Confusing != broken.
> +/* primary_cpu keeps unchanged after migrate_to_reboot_cpu() */
This comment makes no sense.
> void smp_shutdown_nonboot_cpus(unsigned int primary_cpu)
> {
> unsigned int cpu;
> int error;
>
> + /*
> + * Block other cpu hotplug event, so primary_cpu is always online if
> + * it is not touched by us
> + */
> cpu_maps_update_begin();
> -
> /*
> - * Make certain the cpu I'm about to reboot on is online.
> - *
> - * This is inline to what migrate_to_reboot_cpu() already do.
> + * migrate_to_reboot_cpu() disables CPU hotplug assuming that
> + * no further code needs to use CPU hotplug (which is true in
> + * the reboot case).
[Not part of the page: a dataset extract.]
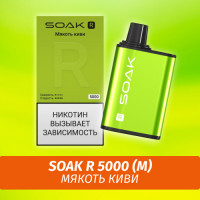 SOAK R - Kiwi Pulp/ Мякоть киви 5000 (Одноразовая электронная сигарета) (М)
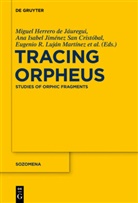 Raquel Martín Hernández, Miguel Herrero de Jáuregui, An Isabel Jiménez San Cristóbal, Ana Isabel Jiménez San Cristóbal, Ana I. Jiménez San Cristóbal, Ana Isabel Jiménez San Cristóbal... - Tracing Orpheus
However, the kexec path depends on using
> + * CPU hotplug again; so re-enable it here.
You want to reduce confusion, but in reality this is even more confusing
than before.
> */
> - if (!cpu_online(primary_cpu))
> - primary_cpu = cpumask_first(cpu_online_mask);
> + __cpu_hotplug_enable();
How is this decrement solving anything? At the end of this function, the
counter is incremented again. So what's the point of this exercise?
> for_each_online_cpu(cpu) {
> if (cpu == primary_cpu)
> diff --git a/kernel/kexec_core.c b/kernel/kexec_core.c
> index 68480f731192..db4fa6b174e3 100644
> --- a/kernel/kexec_core.c
> +++ b/kernel/kexec_core.c
> @@ -1168,14 +1168,12 @@ int kernel_kexec(void)
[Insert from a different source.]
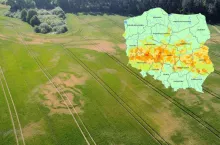 IUNG stwierdza suszę rolniczą prawie w całej Polsce! Najgorzej w zbożach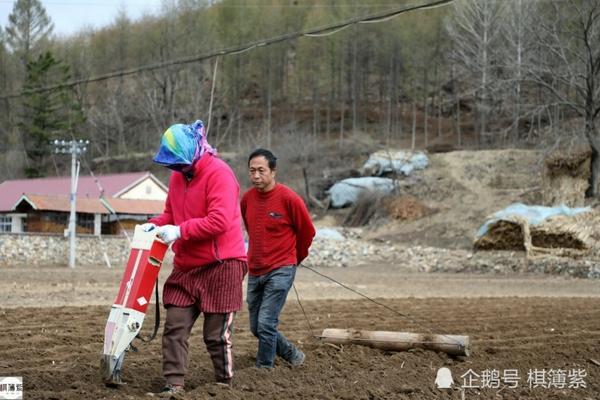 多年的桃树可以用什么除草剂 麦地除草剂对桃树有影响吗?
> kexec_in_progress = true;
> kernel_restart_prepare("kexec reboot");
> migrate_to_reboot_cpu();
> -
> /*
> - * migrate_to_reboot_cpu() disables CPU hotplug assuming that
> - * no further code needs to use CPU hotplug (which is true in
> - * the reboot case). However, the kexec path depends on using
> - * CPU hotplug again; so re-enable it here.
> + * migrate_to_reboot_cpu() disables CPU hotplug. If an arch
> + * relies on the cpu teardown to achieve reboot, it needs to
> + * re-enable CPU hotplug there.
What does that for arch/powerpc/kernel/kexec_machine64.c now?
Nothing, as far as I can tell. Which means you basically reverted
011e4b02f1da ("powerpc, kexec: Fix "Processor X is stuck" issue during
kexec from ST mode") unless I'm completely confused.
> */
> - cpu_hotplug_enable();
This is tinkering at best. Can we please sit down and rethink this whole
machinery instead of applying random duct tape to it?
Thanks,
tglx
next prev parent reply other threads:[~2022-05-09 10:55 UTC|newest]
Thread overview: 8+ messages / expand[flat|nested] mbox.gz Atom feed top
2022-05-09 4:13 [PATCHv3 0/2] cpu/hotplug: Keep cpu hotplug disabled until the rebooting cpu is stable Pingfan Liu
2022-05-09 4:13 ` [PATCHv3 1/2] " Pingfan Liu
2022-05-09 10:55 ` Thomas Gleixner [this message]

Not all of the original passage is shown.